Eremo del Beato Giolo
Secondo la tradizione, Giolo, nato a Sellano nel XIII secolo, si dedicò alla vita eremitica presso una grotta del Monte Giove dove venne eretto, nel XVI secolo, un piccolo oratorio dedicato a San Lorenzo.
Sebbene si trovi in una posizione abbastanza impervia, raggiungibile solo attraverso un sentiero angusto e non facilmente praticabile, la grotta è ancor oggi meta di devoti e pellegrini che sfiorano la roccia e portano via piccole pietre da tenere in tasca durante tutto l’anno come reliquie o talismani, ovviamente solo dopo aver riposto sul luogo le pietre prelevate l’anno prima. Pare che la roccia trasudi acqua dalle pareti e che una sorgente dalle proprietà terapeutiche sorga a poca distanza dalla grotta.

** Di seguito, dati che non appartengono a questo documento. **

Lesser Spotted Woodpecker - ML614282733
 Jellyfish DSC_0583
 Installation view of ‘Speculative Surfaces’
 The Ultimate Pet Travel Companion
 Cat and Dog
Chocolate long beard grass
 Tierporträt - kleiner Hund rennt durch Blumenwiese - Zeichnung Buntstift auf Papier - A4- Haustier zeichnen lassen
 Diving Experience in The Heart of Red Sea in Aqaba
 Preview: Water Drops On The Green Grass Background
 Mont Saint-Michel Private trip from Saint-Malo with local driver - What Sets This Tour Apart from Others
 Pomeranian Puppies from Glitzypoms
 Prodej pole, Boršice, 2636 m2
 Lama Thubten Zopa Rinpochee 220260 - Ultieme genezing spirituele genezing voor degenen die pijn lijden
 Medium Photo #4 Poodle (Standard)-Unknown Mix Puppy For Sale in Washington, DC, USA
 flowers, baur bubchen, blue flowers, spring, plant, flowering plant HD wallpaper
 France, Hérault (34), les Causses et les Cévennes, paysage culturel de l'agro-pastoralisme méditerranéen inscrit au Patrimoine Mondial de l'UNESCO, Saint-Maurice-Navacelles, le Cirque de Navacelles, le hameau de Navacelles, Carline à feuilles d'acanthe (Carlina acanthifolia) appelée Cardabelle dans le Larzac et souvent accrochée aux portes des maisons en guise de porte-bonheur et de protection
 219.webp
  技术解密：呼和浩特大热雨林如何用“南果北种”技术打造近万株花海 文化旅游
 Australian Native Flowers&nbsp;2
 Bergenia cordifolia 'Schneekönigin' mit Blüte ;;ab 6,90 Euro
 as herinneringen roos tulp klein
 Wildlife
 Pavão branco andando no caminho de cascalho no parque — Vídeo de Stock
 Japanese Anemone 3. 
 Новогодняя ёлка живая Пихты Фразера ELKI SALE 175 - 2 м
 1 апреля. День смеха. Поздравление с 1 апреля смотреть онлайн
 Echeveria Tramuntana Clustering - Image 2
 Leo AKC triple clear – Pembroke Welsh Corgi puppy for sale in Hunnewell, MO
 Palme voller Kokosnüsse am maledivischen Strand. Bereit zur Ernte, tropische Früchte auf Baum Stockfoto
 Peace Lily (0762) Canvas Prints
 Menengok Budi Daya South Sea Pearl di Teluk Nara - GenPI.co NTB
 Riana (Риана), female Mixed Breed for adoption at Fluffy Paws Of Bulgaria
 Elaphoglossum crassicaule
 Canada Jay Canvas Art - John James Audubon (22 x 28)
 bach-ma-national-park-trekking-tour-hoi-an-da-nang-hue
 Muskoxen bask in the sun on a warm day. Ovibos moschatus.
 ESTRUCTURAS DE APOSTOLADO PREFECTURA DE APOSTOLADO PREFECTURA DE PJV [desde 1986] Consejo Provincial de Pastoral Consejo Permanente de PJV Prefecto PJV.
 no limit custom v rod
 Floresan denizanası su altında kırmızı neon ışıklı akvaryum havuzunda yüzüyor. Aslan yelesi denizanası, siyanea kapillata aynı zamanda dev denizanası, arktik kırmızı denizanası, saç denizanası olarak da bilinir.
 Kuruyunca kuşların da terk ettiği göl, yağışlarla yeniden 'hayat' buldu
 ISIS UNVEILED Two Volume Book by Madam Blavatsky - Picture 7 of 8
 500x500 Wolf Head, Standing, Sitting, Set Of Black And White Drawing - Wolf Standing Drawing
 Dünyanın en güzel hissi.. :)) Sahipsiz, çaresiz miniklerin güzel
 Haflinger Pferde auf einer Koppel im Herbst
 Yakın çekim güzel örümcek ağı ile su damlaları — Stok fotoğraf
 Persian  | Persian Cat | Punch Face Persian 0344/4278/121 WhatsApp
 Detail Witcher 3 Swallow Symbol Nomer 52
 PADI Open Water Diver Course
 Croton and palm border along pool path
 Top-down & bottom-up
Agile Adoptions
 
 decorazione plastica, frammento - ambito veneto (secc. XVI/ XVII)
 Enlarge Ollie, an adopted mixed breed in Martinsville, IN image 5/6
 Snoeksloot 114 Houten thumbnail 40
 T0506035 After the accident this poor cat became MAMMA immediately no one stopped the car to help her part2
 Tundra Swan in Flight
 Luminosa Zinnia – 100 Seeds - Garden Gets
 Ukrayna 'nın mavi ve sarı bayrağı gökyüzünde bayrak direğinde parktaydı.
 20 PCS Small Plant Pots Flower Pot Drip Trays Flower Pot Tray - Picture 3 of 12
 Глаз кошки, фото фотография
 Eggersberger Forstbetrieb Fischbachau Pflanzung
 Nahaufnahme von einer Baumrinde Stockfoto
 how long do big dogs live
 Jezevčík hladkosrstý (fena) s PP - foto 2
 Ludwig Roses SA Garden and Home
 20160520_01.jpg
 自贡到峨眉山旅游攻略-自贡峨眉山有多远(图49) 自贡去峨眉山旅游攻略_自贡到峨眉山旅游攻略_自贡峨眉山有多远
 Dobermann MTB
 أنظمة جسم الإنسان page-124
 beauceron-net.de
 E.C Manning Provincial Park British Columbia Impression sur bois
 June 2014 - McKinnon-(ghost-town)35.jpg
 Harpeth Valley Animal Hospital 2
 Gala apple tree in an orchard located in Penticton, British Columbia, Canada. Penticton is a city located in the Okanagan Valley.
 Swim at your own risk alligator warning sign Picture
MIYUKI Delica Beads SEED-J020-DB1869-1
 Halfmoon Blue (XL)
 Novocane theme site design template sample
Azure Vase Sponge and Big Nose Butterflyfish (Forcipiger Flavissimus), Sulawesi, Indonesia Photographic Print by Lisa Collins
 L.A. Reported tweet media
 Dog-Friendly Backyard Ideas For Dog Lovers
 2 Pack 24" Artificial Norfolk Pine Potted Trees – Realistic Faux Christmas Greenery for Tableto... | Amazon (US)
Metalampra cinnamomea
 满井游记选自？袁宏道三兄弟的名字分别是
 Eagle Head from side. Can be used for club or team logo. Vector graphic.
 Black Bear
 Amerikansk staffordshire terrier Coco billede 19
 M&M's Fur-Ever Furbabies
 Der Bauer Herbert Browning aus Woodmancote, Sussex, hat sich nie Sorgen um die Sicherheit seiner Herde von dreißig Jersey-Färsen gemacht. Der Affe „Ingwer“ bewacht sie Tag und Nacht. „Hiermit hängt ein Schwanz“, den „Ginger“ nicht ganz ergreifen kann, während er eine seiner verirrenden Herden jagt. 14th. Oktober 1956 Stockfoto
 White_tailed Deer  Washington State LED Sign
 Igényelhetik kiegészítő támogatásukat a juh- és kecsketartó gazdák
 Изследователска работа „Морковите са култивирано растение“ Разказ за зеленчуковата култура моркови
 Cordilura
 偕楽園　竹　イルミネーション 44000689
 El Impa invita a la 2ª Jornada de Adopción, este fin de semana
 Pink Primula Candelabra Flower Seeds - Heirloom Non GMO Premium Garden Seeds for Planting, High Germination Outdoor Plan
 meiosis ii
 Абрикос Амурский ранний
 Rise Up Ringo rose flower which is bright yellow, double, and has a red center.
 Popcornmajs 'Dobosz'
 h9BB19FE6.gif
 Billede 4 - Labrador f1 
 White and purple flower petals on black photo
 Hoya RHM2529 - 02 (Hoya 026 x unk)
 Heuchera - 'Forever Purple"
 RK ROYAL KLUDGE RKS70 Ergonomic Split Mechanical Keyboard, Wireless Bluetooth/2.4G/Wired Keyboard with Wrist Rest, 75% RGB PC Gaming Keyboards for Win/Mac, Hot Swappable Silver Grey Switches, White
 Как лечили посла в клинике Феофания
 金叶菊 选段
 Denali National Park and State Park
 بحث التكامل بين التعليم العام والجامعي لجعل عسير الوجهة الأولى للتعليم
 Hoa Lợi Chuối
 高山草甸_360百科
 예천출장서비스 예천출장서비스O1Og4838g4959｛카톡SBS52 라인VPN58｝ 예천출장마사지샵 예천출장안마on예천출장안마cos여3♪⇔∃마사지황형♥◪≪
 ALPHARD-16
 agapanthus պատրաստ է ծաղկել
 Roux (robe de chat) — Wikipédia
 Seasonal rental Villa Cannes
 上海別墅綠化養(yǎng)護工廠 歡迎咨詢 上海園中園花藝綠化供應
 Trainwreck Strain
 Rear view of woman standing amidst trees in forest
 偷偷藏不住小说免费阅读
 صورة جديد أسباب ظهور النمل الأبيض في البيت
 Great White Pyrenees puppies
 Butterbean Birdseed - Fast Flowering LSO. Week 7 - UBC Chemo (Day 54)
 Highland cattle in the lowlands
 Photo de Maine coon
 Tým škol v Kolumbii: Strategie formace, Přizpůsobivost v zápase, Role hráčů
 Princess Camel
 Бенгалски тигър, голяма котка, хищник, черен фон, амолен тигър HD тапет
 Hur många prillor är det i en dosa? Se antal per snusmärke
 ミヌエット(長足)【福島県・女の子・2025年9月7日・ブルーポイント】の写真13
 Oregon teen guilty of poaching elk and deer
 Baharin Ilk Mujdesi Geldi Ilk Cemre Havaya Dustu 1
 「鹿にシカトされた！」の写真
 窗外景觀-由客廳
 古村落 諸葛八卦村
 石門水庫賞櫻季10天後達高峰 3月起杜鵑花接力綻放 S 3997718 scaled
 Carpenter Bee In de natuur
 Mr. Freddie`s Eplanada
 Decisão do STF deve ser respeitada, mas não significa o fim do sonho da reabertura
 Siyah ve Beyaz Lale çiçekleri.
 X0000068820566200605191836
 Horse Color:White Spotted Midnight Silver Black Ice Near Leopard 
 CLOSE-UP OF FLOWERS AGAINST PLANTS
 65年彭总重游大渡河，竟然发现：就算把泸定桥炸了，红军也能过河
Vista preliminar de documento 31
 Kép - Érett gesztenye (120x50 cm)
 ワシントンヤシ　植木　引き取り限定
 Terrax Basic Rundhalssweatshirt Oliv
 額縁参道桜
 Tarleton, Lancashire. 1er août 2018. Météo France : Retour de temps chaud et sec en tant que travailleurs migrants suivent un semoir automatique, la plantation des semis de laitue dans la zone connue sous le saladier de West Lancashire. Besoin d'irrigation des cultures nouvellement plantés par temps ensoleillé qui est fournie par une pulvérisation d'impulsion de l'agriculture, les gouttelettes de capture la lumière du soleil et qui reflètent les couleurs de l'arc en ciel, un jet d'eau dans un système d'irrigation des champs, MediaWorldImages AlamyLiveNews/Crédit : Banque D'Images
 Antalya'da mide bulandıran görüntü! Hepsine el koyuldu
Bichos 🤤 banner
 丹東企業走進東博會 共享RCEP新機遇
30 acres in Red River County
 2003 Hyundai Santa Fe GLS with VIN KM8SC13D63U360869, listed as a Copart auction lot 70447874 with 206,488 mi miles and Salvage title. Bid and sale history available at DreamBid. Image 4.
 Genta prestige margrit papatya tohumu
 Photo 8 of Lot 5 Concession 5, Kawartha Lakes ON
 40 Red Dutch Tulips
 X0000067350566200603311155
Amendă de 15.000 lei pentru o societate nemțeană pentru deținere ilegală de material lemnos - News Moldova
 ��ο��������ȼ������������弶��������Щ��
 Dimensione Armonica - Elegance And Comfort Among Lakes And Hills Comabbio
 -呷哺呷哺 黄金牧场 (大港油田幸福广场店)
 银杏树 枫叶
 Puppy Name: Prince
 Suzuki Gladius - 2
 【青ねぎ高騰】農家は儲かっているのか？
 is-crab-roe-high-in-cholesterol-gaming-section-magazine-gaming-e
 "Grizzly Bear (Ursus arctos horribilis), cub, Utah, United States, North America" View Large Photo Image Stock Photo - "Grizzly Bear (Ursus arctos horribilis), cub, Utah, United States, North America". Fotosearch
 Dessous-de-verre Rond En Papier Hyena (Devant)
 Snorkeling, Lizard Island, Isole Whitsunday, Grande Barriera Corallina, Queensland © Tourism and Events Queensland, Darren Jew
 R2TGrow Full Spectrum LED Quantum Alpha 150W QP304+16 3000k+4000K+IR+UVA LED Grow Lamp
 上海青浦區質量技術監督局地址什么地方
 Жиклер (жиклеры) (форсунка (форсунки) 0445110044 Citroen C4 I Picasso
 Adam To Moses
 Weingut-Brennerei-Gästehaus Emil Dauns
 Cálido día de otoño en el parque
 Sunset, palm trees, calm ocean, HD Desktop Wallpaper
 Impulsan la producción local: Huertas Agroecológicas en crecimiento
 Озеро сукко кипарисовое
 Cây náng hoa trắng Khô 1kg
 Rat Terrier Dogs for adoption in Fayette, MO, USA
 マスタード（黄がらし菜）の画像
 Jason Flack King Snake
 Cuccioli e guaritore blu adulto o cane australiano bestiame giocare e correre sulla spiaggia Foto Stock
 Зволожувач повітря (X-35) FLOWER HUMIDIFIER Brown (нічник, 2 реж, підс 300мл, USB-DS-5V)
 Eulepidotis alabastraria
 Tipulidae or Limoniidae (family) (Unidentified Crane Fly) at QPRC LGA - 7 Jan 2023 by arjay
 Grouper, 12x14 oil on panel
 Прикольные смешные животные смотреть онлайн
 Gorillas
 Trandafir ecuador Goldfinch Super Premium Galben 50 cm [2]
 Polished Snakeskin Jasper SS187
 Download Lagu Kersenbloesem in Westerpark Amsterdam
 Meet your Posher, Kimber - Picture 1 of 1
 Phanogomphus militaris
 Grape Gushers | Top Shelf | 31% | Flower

Le fonti raccontano che il Beato Giolo portò fino al suo rifugio una brace ardente, che gli era stata donata per carità, avvolgendola nella tonaca senza che questa, miracolosamente, prendesse fuoco. Sin dalla morte dell’eremita, avvenuta nel 1315, la devozione popolare fu tanta e si racconta che numerosi furono i miracoli a lui attribuiti da parte dei sellanesi. Il più significativo è quello della nebbia miracolosa, grazie alla quale venne risolta la disputa tra i castelli vicini per accaparrarsi le spoglie del santo: solo agli abitanti di Sellano fu concesso di raggiungere il luogo dove giaceva la salma del Beato Giolo, che fu così trasportata e custodita prima presso la chiesa di San Lorenzo di Ottaggi e in seguito presso la chiesa parrocchiale di S. Maria a Sellano (dove si trovano ancora oggi i resti del santo). Soltanto nel 1780, su esplicita richiesta dei devoti sellanesi, il vescovo di Spoleto concesse ufficialmente il permesso di celebrarne il culto.